Subjectively, so far, there's not a huge difference between the old HDDs and the new SSD. Startup times are slightly decreased, but mostly I'm waiting for the long "waiting for uevents to be processed by udev" message, or whatever it is. And yes, checking the ReiserFS journal takes awhile when the media HDD is mounted. Mount times aren't noticeable on the SSD.
Application launching is faster, though Firefox and Thunderbird are still almost as slow as ever. Other apps laod instantly, even when launching several all at once. It's also faster to start X, Slim, and login to Xfce.
I'll post more thoughts and hopefully some benchmarks soon-ish.
man mount says:
"To use modes other than ordered on the root file system, pass the mode to the kernel as boot parameter, e.g. rootflags=data=journal."
So, yeah, that explains why you get the "unknown option" error.
I'm a happy owner of 30GB SuperTalent MX drive for over a year.
The frustration i went through during the first month made me to install Vista on it just to make sure it's working and it is possible to use it as system drive.
Any typical installation failed with mount/FS errors. I tried several FSs with probably any sane option combination.
Drive slashed into 3 parts /boot / and C: (gaming).

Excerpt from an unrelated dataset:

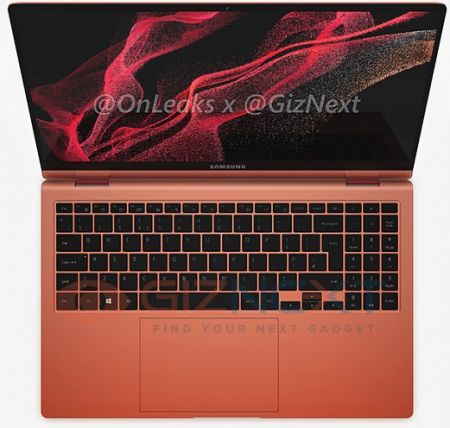 Samsung Galaxy Book Pro 2 360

Ended up with installing Sabayon and then removing all but /boot and modules.
Then I was able to boot into my old Gentoo system. Just copied from old drive.
I used to ReiserFS, but tried to find something better.

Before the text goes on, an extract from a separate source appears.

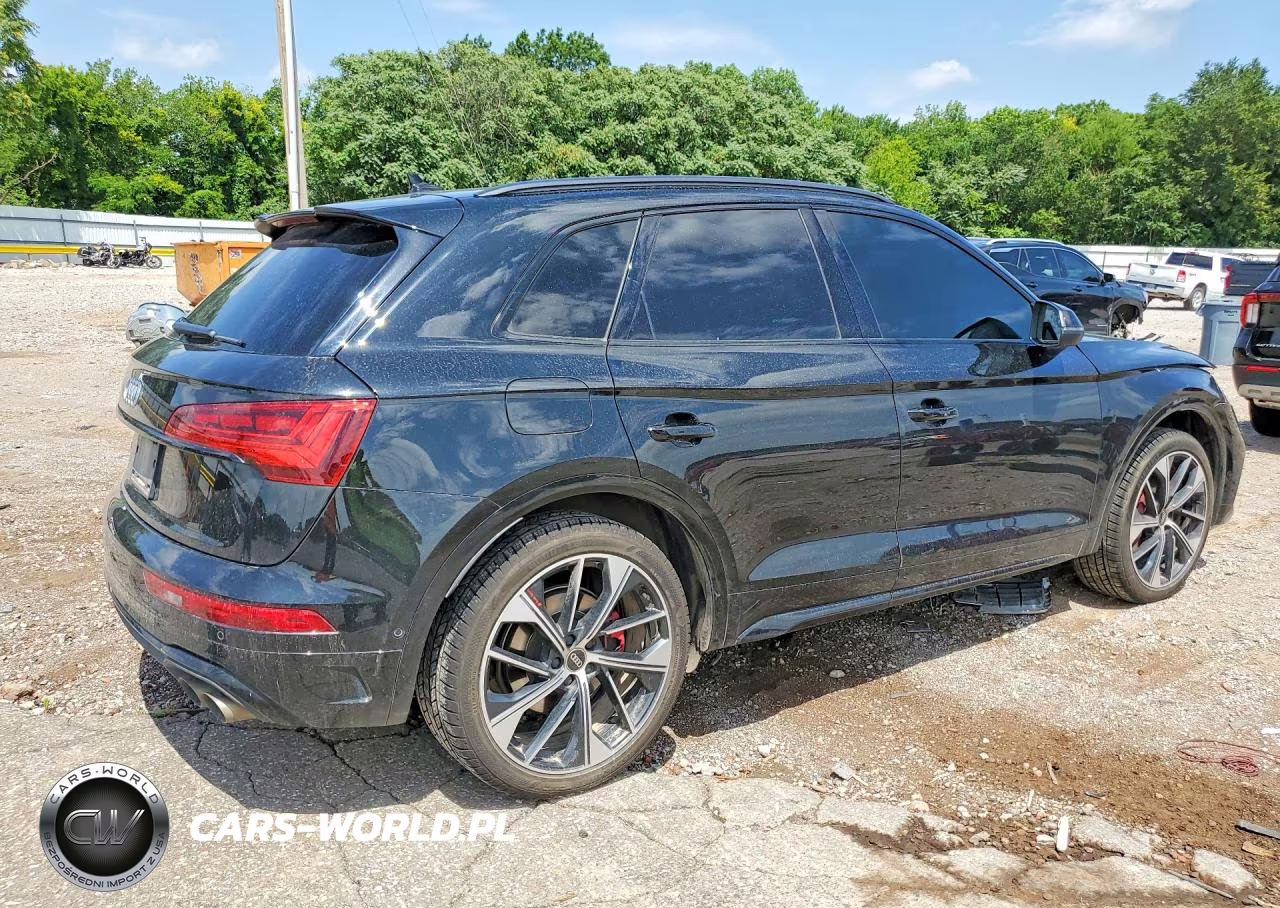 2024 Audi Sq5 Prestige VIN:WA1C4AFY4R2117564 - 3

From this and previous post i'll definitely use scheduler idea and tempfs for tmp/portage. Anyway I can not find use for 8GB (no swap still leaves to much available)
Why Firefox/Thunderbird do not do this themselves, I have no idea.
Hey, long time no see! :)
I didn't know it was even possible to clean up Mozilla performance just by using sqlite to do the dirty work.
On a related note, I did find a couple of different methods on the Gentoo Forums for improving FF/TB performance regardless of hard disk type . . . by running 'em from RAM. There are a couple of startup scripts that put the necessary config directories into a RAMdisk and periodically backing them up to the HDD, and flushing everything to disk when the app is closed. Supposedly it dramatically improves the sqlite backend performance, reducing hitches when loading multiple tabs, for example.
That means in Linux we've got few options: ext2, ext4 _without_ journal and ... I don't know anything else :)
I had ue 2.3 installed on a corsair x128.
started good for about 4 times,the 5th time errors when booting.restarted computer...corsair completely dead.